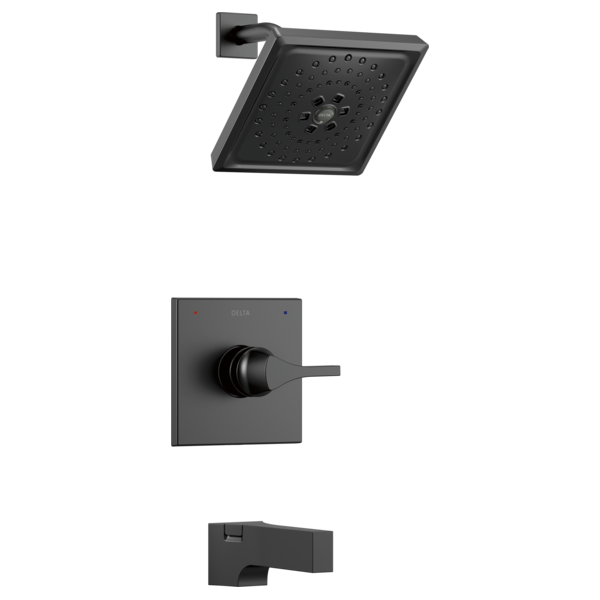 Black Delta tub and shower trim with square showerhead, valve control, and tub spout.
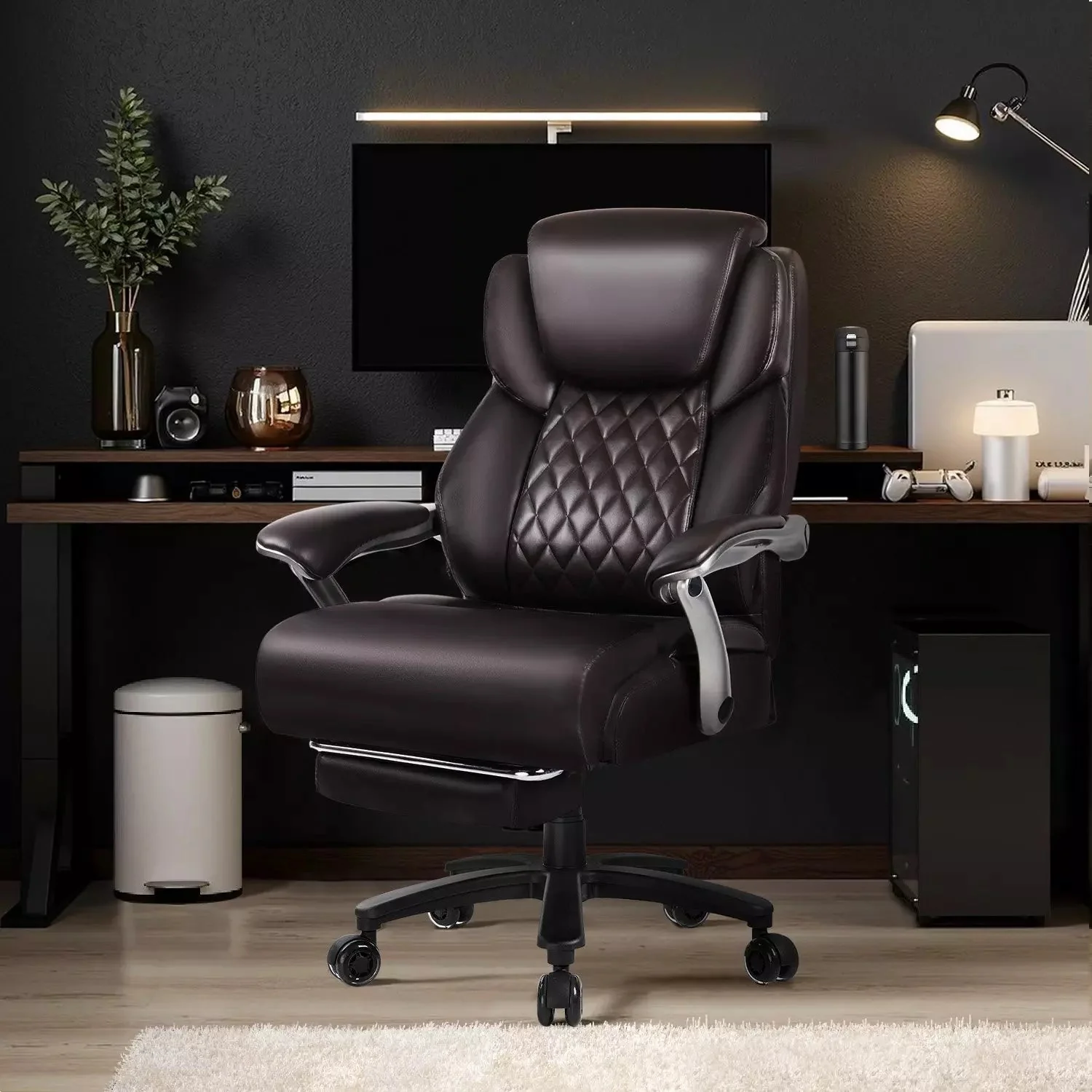 Waleaf 500lbs Big and Tall Office Chair with Adjustable Headrest for Adults, Computer Chair Home Office Desk Chair with Retractable Footrest for Home Office - Image 9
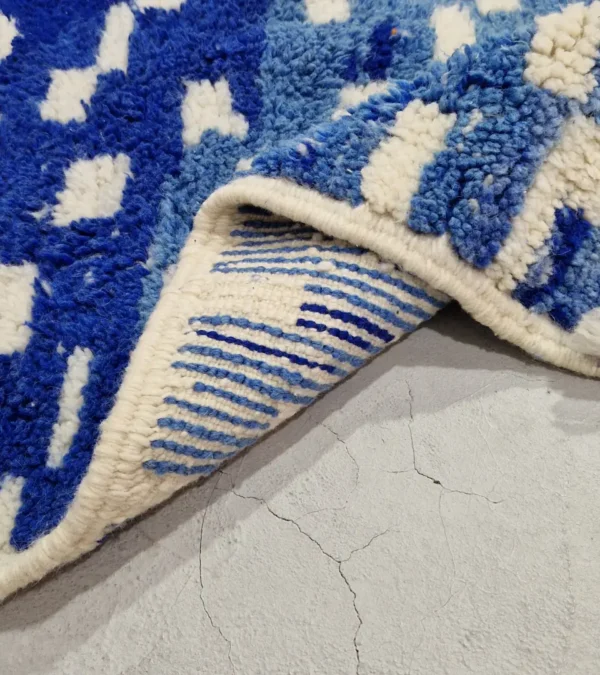 Handwoven Checked Plush Wool Rug - Image 5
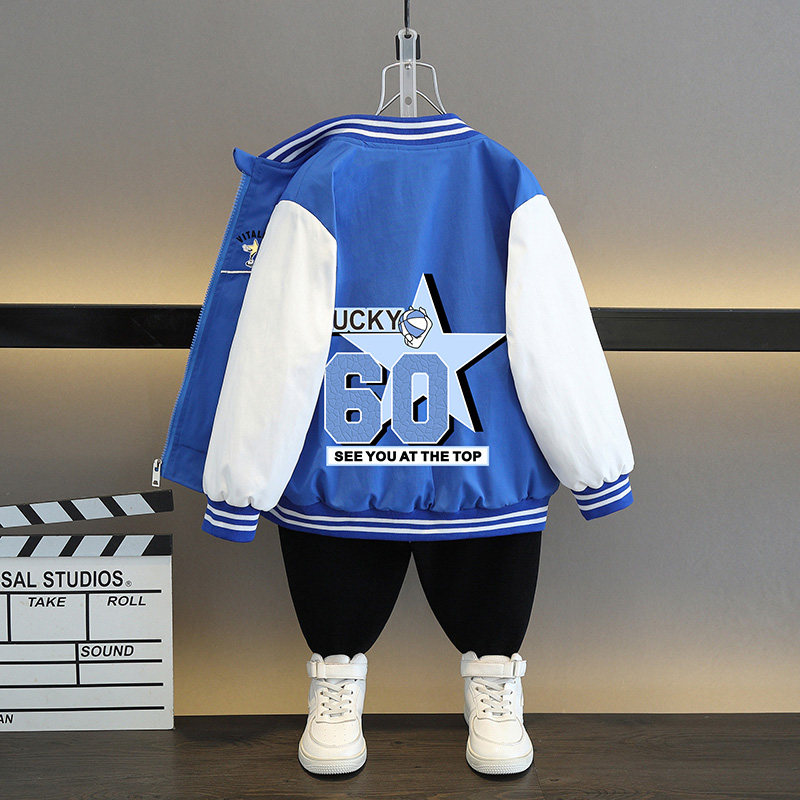 男童春装外套薄款2026新款冲锋衣棒球服帅气夹克炸街痞帅中大童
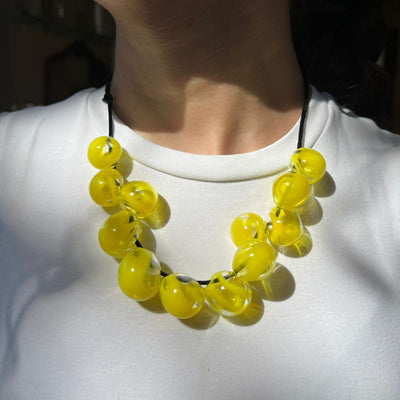 Yellow Glass Blown Ball Necklace 12 Beads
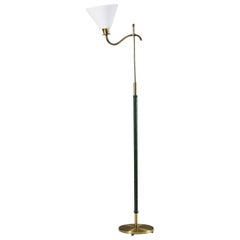 Lampadaire suédois - 1950 Cadre en laiton avec bras sculptural et abat-jour conique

## INSTRUCTIONS TO FOLLOW
Transcribe exactly the lines above, running from the one that contains "Yellow Glass Blown Ball Necklace 12 Beads" through the final line of the listing, and skip every picture.

## RESPONSE
 Yellow Glass Blown Ball Necklace 12 Beads
 Lampadaire suédois - 1950 Cadre en laiton avec bras sculptural et abat-jour conique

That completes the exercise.